Some of his most memorable reportorial coverages included Pope Paul VI and Pope John Paul II’s historical visits in the Philippines, and late President Marcos’s travels from Manila to London, Kenya, and Southeastern Africa. He also covered the International Monetary Fund and World Bank Conference, where he interviewed hundreds of bankers, investors, and financiers. He was also the lone reporter aboard Air France’s firstborn 747 jumbo jet’s inaugural flight from Paris to New York.
Former Manila Bulletin editor Ivy Lisa Mendoza-Yulo, who used to work with him, said that “he was our go-to when faced with editorial and grammar doubts, our human AP Stylebook, everybody’s friend.”
He graduated from the University of Santo Tomas (UST) in 1967, summa cum laude, with a major in Journalism and a minor in Public Relations. He was editor-in-chief of The Flame, the student publication of the Faculty of Arts and Letters.
In the same year, he started teaching at UST and later became an assistant professor, teaching journalism, editing, and copy reading, among other courses. He also became UST Journalism Program Coordinator.
To his students, like Nate C. Barretto, who later became his colleague in Manila Bulletin, “he was easily the coolest journ professor, a funny guy who’d inspire you with his brilliance. He commands a lot of respect just by knowing how intelligent, up-to-date, and kind he was to students.”

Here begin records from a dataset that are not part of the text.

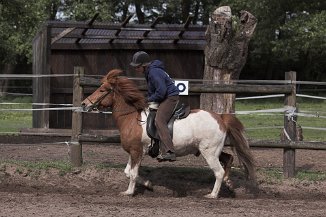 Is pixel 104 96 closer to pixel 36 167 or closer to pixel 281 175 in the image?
pixel 36 167

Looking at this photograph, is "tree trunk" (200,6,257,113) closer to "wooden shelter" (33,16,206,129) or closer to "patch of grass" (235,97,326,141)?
"patch of grass" (235,97,326,141)

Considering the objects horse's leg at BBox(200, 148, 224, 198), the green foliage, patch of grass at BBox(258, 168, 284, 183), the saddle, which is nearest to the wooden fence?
patch of grass at BBox(258, 168, 284, 183)

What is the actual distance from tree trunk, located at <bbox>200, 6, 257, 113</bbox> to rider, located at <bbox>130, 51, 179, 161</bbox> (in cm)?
367

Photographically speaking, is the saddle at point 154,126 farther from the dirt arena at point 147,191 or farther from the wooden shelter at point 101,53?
the wooden shelter at point 101,53

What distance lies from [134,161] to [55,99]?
8.58 m

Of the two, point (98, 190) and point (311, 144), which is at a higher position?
point (311, 144)

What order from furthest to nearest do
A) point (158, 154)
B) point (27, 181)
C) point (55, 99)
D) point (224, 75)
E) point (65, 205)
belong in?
point (55, 99)
point (224, 75)
point (27, 181)
point (158, 154)
point (65, 205)

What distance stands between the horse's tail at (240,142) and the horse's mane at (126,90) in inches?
50.9

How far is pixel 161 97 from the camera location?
30.3 feet

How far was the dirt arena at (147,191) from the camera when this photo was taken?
7.98 metres

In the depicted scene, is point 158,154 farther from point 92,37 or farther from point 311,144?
point 92,37

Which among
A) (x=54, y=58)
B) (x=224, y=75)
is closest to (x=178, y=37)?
(x=54, y=58)

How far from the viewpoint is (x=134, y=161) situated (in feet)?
30.8

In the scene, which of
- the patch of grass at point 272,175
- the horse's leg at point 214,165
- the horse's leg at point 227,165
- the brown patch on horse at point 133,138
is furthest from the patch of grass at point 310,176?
the brown patch on horse at point 133,138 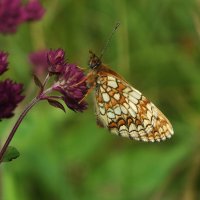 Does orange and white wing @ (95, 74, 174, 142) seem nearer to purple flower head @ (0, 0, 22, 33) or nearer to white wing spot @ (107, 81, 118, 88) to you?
white wing spot @ (107, 81, 118, 88)

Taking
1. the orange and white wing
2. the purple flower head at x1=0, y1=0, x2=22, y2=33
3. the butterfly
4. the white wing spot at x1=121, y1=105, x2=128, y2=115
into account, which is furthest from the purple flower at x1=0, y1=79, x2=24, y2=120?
the purple flower head at x1=0, y1=0, x2=22, y2=33

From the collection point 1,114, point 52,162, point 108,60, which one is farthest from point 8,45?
point 1,114

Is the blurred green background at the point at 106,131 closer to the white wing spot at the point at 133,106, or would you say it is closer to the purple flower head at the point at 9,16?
the purple flower head at the point at 9,16

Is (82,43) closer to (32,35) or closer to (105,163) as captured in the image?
(32,35)

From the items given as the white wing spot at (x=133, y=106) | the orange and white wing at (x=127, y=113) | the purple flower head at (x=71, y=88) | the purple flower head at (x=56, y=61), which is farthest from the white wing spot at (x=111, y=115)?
the purple flower head at (x=56, y=61)

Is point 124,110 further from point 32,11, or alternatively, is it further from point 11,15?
point 32,11

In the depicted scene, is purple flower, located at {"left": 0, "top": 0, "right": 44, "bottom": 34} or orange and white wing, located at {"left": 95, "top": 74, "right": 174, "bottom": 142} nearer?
orange and white wing, located at {"left": 95, "top": 74, "right": 174, "bottom": 142} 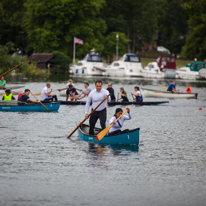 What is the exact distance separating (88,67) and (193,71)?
61.3 feet

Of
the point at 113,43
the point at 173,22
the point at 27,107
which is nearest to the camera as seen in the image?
the point at 27,107

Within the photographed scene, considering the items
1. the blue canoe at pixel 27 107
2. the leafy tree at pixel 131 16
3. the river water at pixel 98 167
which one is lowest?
the river water at pixel 98 167

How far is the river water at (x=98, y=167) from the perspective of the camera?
10.4 meters

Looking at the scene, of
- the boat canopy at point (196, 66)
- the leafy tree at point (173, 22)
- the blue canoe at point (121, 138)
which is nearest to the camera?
the blue canoe at point (121, 138)

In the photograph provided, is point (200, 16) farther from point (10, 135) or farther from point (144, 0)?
point (10, 135)

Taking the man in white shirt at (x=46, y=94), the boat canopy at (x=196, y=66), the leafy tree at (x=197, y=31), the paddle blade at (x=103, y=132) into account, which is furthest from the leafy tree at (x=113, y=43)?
the paddle blade at (x=103, y=132)

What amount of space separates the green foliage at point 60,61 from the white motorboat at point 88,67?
125cm

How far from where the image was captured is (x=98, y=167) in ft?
43.3

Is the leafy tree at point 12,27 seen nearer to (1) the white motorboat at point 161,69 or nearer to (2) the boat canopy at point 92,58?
(2) the boat canopy at point 92,58

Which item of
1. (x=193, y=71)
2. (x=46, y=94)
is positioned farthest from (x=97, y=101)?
(x=193, y=71)

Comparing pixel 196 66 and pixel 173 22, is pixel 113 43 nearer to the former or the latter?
pixel 196 66

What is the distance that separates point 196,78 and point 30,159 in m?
59.5

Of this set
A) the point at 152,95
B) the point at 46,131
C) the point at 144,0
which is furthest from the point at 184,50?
the point at 46,131

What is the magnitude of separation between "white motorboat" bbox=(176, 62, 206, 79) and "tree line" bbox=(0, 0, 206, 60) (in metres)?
2.80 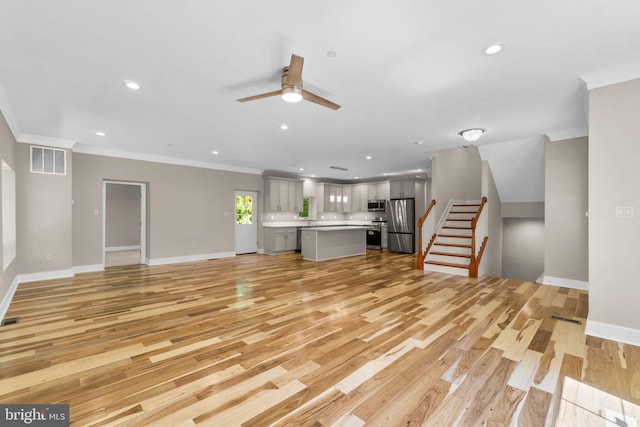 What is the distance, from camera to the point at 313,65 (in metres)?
2.66

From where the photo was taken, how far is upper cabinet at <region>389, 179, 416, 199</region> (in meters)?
8.73

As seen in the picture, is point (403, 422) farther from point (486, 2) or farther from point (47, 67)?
point (47, 67)

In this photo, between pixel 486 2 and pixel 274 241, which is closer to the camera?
pixel 486 2

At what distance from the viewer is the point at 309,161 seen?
7340 millimetres

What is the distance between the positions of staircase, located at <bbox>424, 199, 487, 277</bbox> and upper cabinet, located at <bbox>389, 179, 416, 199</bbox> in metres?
1.56

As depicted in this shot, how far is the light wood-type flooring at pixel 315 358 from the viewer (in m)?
1.71

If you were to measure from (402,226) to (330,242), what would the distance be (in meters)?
2.72

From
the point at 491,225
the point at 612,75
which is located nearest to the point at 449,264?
the point at 491,225

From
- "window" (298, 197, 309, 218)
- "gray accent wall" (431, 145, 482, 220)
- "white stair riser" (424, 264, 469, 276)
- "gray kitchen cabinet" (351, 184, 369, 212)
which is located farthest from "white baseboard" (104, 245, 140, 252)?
"gray accent wall" (431, 145, 482, 220)

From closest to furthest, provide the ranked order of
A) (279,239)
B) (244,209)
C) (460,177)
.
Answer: (460,177) → (279,239) → (244,209)

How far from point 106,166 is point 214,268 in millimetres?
3359

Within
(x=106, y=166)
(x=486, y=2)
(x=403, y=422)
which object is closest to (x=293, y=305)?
(x=403, y=422)

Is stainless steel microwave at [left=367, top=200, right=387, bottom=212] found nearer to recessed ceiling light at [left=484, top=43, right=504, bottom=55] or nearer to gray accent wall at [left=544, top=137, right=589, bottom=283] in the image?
gray accent wall at [left=544, top=137, right=589, bottom=283]

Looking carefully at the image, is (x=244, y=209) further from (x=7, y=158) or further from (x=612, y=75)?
(x=612, y=75) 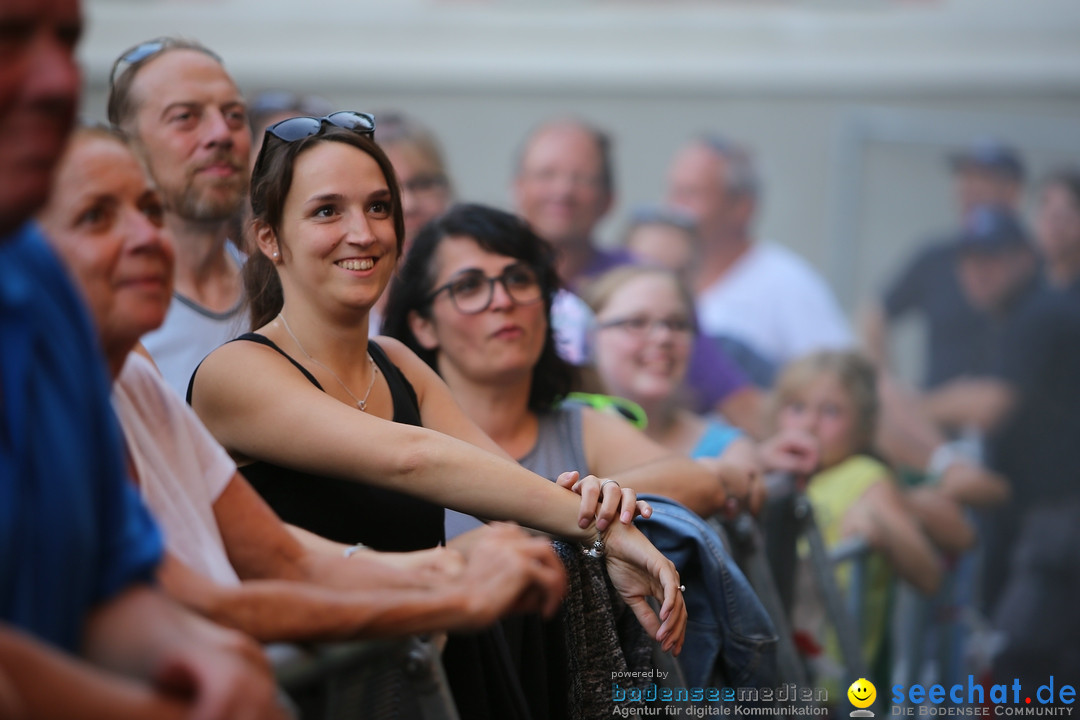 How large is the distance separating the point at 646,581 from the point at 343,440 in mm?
582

Another former student and journalist, Edison Dy Ong, described him: “He always enters the classroom with a smile. Never a dull moment, indeed… It was also during his watch that Pilipino Journalism was introduced as a subject. Yes, writing news in Tagalog or Pilipino language.”
UP Professor and Assistant Vice President for Public Affairs Jose Wendell Capili, who was also his UST student, said of him: “Journalists like Sir Kiko work in the background. His legacy is measured in terms of the number of lives he touched in school and his journalism work. His trophies are so many of us who did well because of his teaching, encouragement, and inspiration. He does not have a “script,” but what he teaches, he derived it from years of industry experience. He brought inspiration to many of us who were just dreaming to see our names published.”
In his 2002 interview with Nikki Lañas and Tara Perez, Ramon Francisco said: “We were taught Press Ethics in school, and our teachers at that time told us to be very, very honest and to uphold our integrity. I have been telling our reporters and my students not to succumb to graft and corruption and stick to integrity and preserve their reputations.”